Les Suédois, Martin Luther et les protestants

 

 

Quand il devint évident que l'Union de Kalmar avait fait son temps et que les Danois étaient lassés par les Suédois, Gustave I. Wasa prit à peu près tout dans ses mains agiles: comme les finances publiques étaient exsangues après des agitations politiques et des combats dispendieux, il y avait un besoin impératif de liquidités. On convoita alors les propriétés de l'église catholique. Mais comment se les procurer ? Comment exproprier ? Un exemple faisait justement fureur sur le continent: Martin Luther. Les frères Olavus et Larentius Petri avaient fait la connaissance en Allemagne avec  le réformateur auto-proclamé et afficheur de thèses. L'opposition du luthéranisme aux monastères et à d'autres biens de l'Eglise donna donc l'occasion de rafraîchir la situation financière précaire. Gustave soutint pour cette raison les frères fourbes et espions du réformateur. Comme la population ne devait dans un premier temps pas entrer en contact avec les idées protestantes (pour ne pas éveiller de soupçons), la Réforme ne fut introduite que pas à pas et sur la pointe des pieds. Des caractéristiques, qui devaient  donner l'apparence de la Tradition, étaient conservées.
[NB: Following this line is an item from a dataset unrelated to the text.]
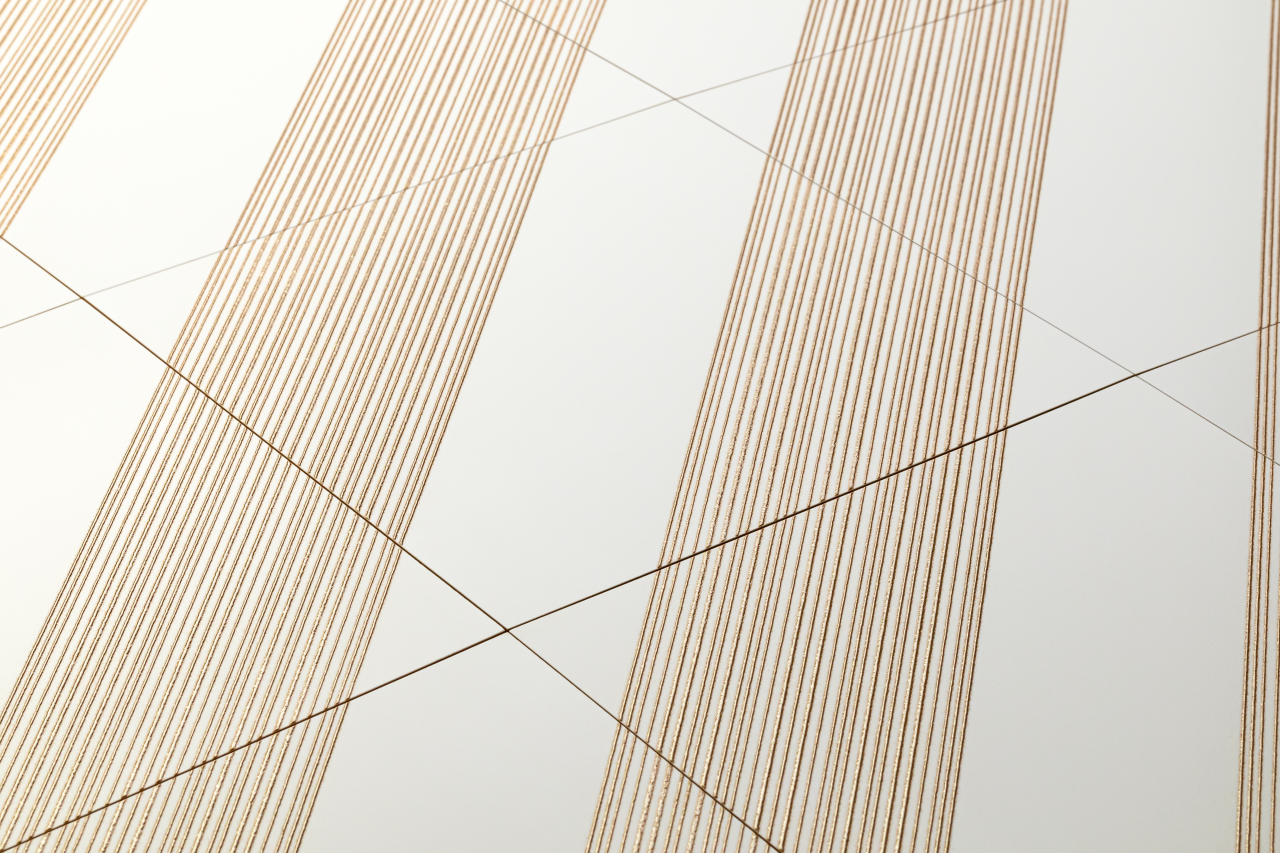 CrissCross White Gold 12x12 Deco 1 Decorative Tile Satin Rectified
Toutefois, il est décidé, lors de la session du Parlement de Västerås en l'an de grâce 1527, qu'une grande partie des anciens revenus de l'Eglise devait être mise à la disposition de la Maison royale. En même temps, Gustave est nommé à la tête de "l'Eglise" suédoise à la place du Pape. Il est couronné roi le 12 janvier 1528 à Uppsala. Les biens de l'église catholique sont confisqués à grande échelle. Le capital est transmis à la Maison royale. La Suède est déclarée royaume protestant. C'est tout.